▶ **Exercise goal**
Leaving out the images, transcribe every record below exactly.

▶ **Extracted material**
==============================
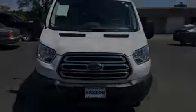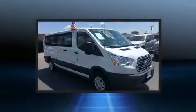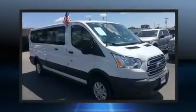Sensibility and practicality define the 2017 Ford Transit 350. It features an automatic transmission, rear-wheel drive, and a refined six-cylinder engine.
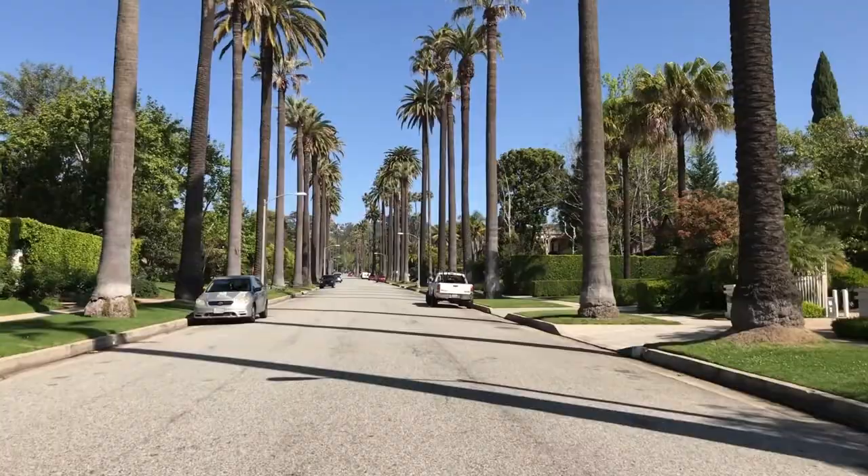Today the Frugal Man LA is on the west side to show you some of my favorite free attractions. There are so many free things to do here I can't fit them all into one day or one video. So when you finish watching, head over to my blog at thefrugalmanla.com and click on even more free things to do in West LA. We're starting here in Beverly Hills and heading to the beach.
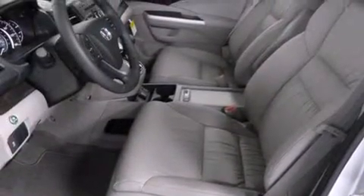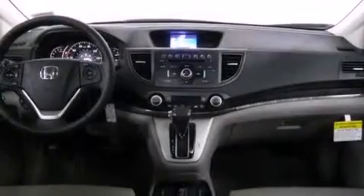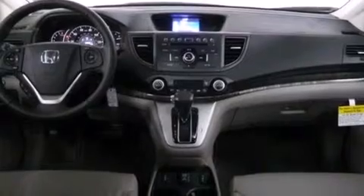Additional features include traction control, a keyless entry system, and heated seats that can warm you up in seconds, keeping you and your passengers comfortable the whole trip.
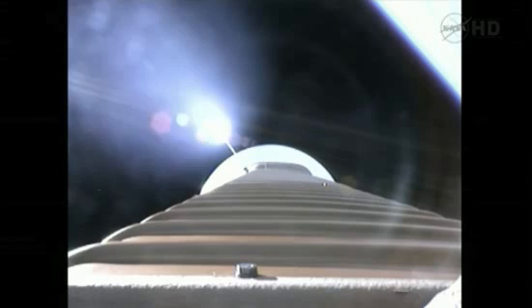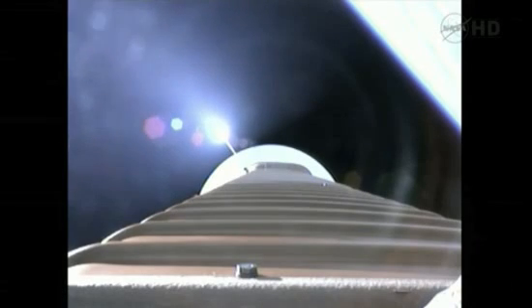We've throttled down to hold a constant 2.5 G level for payload fairing jettison. We've fired the pyrovalve, pressurized the RCS bottle. Pressure increasing in the loop as expected. Now we're hitting our 2.5 G limit. Coming up on payload fairing jettison, approximately 10 seconds.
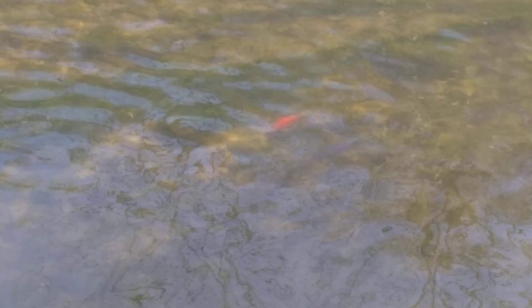It looks to be about 12 inches long or so. Mostly orange, some white markings on it, kind of like a koi of some sort. But it's in the doggone river.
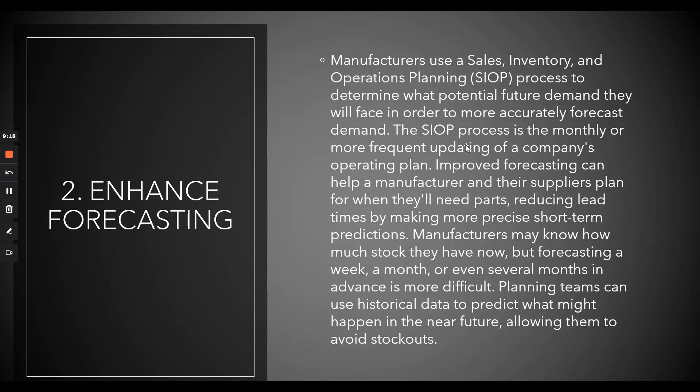Number two: enhanced forecasting. Manufacturers use sales, inventory, and operations planning processes to determine potential future demand and more accurately forecast. I'm sure Ford does enhanced forecasting, but something went wrong — they wouldn't have paid more focus on the badge component, maybe thought they had enough in stock, or simply forgot to reorder. It's a matter of improving your forecast, seeing where you went wrong when things like this happen, and making sure it doesn't happen again.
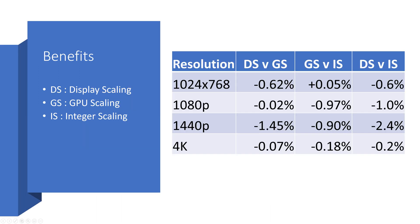On the other hand, integer scaling also produces even fewer frames per second. All the data shows that GPU scaling and integer scaling do consume a little bit of GPU processing power.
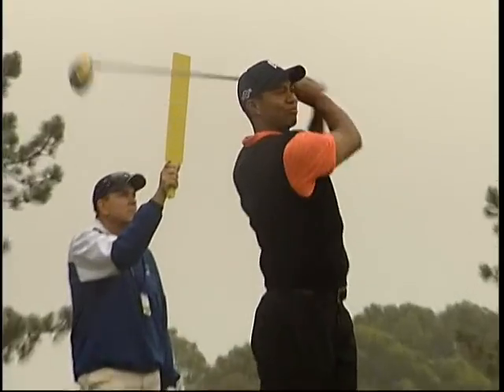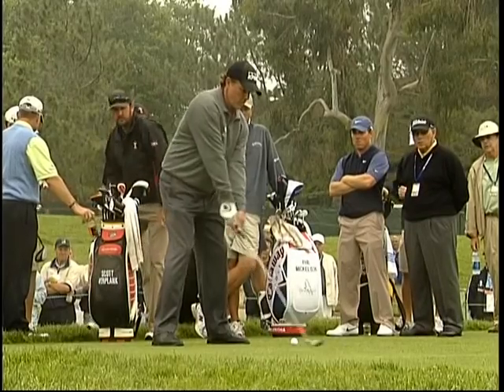Bottom line: Torrey Pines will still be a stern test of golf, but at least it will test golfers' skills and not their patience.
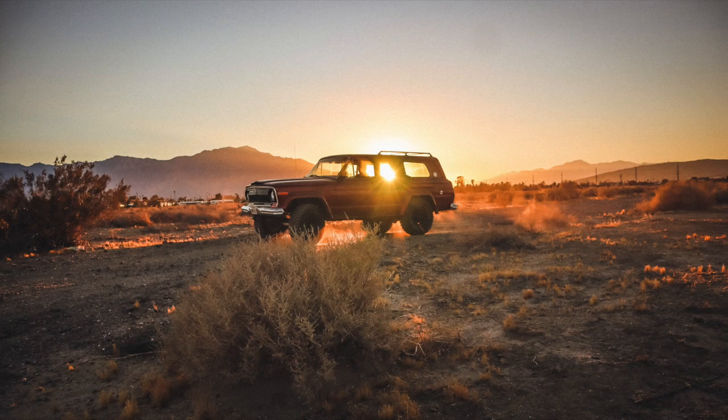All right guys, thanks to Tyler for helping me out on this video — thank you for showing me your Jeep, that thing's sick. If you guys like the Jeep, make sure to leave a comment and let me know what you like about it. Also make sure to leave a like, and I'll see you guys in the next video. Peace.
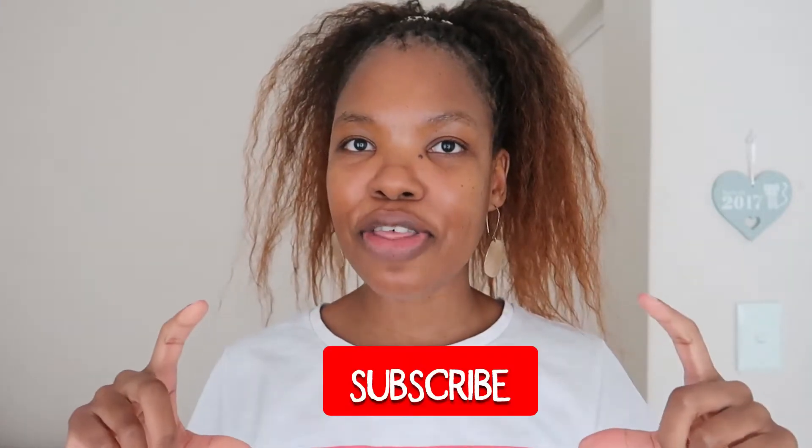Hey boos and welcome back to my channel, thank you for joining me again on my skincare series. This is a part of my YouTube channel where I talk all things skincare — I'll be doing reviews of products, hauls, and highlighting new products in the market. If that is your type of content, do me a favor and click the subscribe button underneath this video.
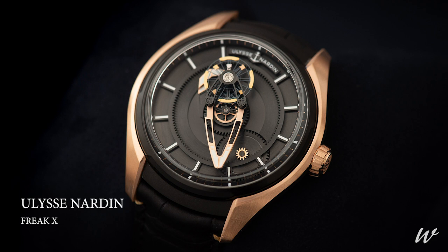And the last one is the Freak X from Ulysse Nardin. For me, it's a very interesting piece because it gathers horological content with a fair price, and I find it very attractive.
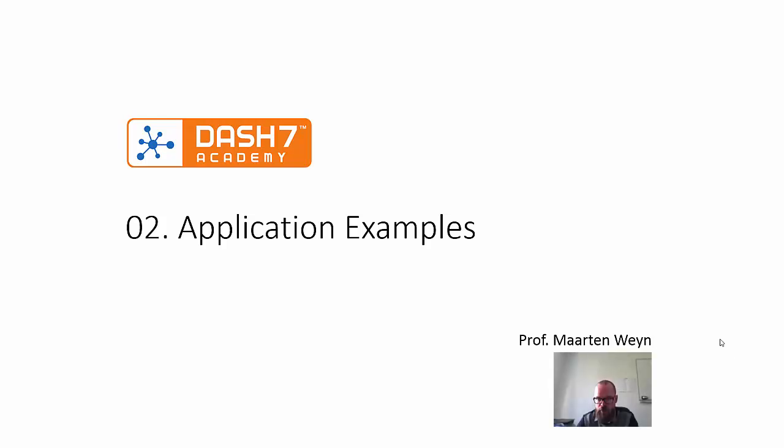Welcome to the second session of the Dash7 Academy. My name is Martin Nguyen and today I will explain some examples of use cases which are being developed using Dash7.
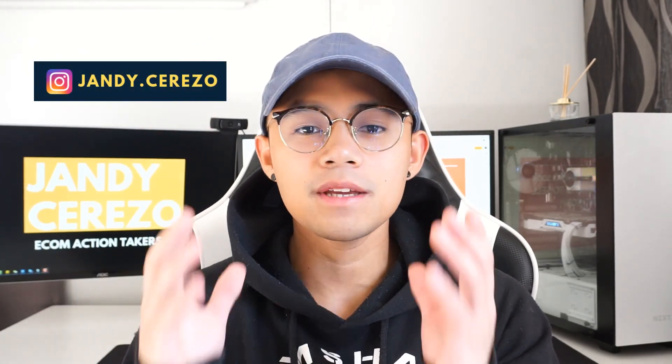Hey, what's up action takers! Welcome to my YouTube channel. I just want to say thank you for all the love and support that you guys have given me. I appreciate it so much. But before we start, I just want to announce: if you want to win a one-on-one consulting call with me, then make sure you hit that subscribe, hit that like, and also comment down below hashtag action taker plus a little side comment of what kind of videos you want to see from me.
==============================
▶ **Written response**
Sensibility and practicality define the 2017 Ford Transit 350. It features an automatic transmission, rear-wheel drive, and a refined six-cylinder engine.
Today the Frugal Man LA is on the west side to show you some of my favorite free attractions. There are so many free things to do here I can't fit them all into one day or one video. So when you finish watching, head over to my blog at thefrugalmanla.com and click on even more free things to do in West LA. We're starting here in Beverly Hills and heading to the beach.
Additional features include traction control, a keyless entry system, and heated seats that can warm you up in seconds, keeping you and your passengers comfortable the whole trip.
We've throttled down to hold a constant 2.5 G level for payload fairing jettison. We've fired the pyrovalve, pressurized the RCS bottle. Pressure increasing in the loop as expected. Now we're hitting our 2.5 G limit. Coming up on payload fairing jettison, approximately 10 seconds.
It looks to be about 12 inches long or so. Mostly orange, some white markings on it, kind of like a koi of some sort. But it's in the doggone river.
Number two: enhanced forecasting. Manufacturers use sales, inventory, and operations planning processes to determine potential future demand and more accurately forecast. I'm sure Ford does enhanced forecasting, but something went wrong — they wouldn't have paid more focus on the badge component, maybe thought they had enough in stock, or simply forgot to reorder. It's a matter of improving your forecast, seeing where you went wrong when things like this happen, and making sure it doesn't happen again.
On the other hand, integer scaling also produces even fewer frames per second. All the data shows that GPU scaling and integer scaling do consume a little bit of GPU processing power.
Bottom line: Torrey Pines will still be a stern test of golf, but at least it will test golfers' skills and not their patience.
All right guys, thanks to Tyler for helping me out on this video — thank you for showing me your Jeep, that thing's sick. If you guys like the Jeep, make sure to leave a comment and let me know what you like about it. Also make sure to leave a like, and I'll see you guys in the next video. Peace.
Hey boos and welcome back to my channel, thank you for joining me again on my skincare series. This is a part of my YouTube channel where I talk all things skincare — I'll be doing reviews of products, hauls, and highlighting new products in the market. If that is your type of content, do me a favor and click the subscribe button underneath this video.
And the last one is the Freak X from Ulysse Nardin. For me, it's a very interesting piece because it gathers horological content with a fair price, and I find it very attractive.
Welcome to the second session of the Dash7 Academy. My name is Martin Nguyen and today I will explain some examples of use cases which are being developed using Dash7.
Hey, what's up action takers! Welcome to my YouTube channel. I just want to say thank you for all the love and support that you guys have given me. I appreciate it so much. But before we start, I just want to announce: if you want to win a one-on-one consulting call with me, then make sure you hit that subscribe, hit that like, and also comment down below hashtag action taker plus a little side comment of what kind of videos you want to see from me.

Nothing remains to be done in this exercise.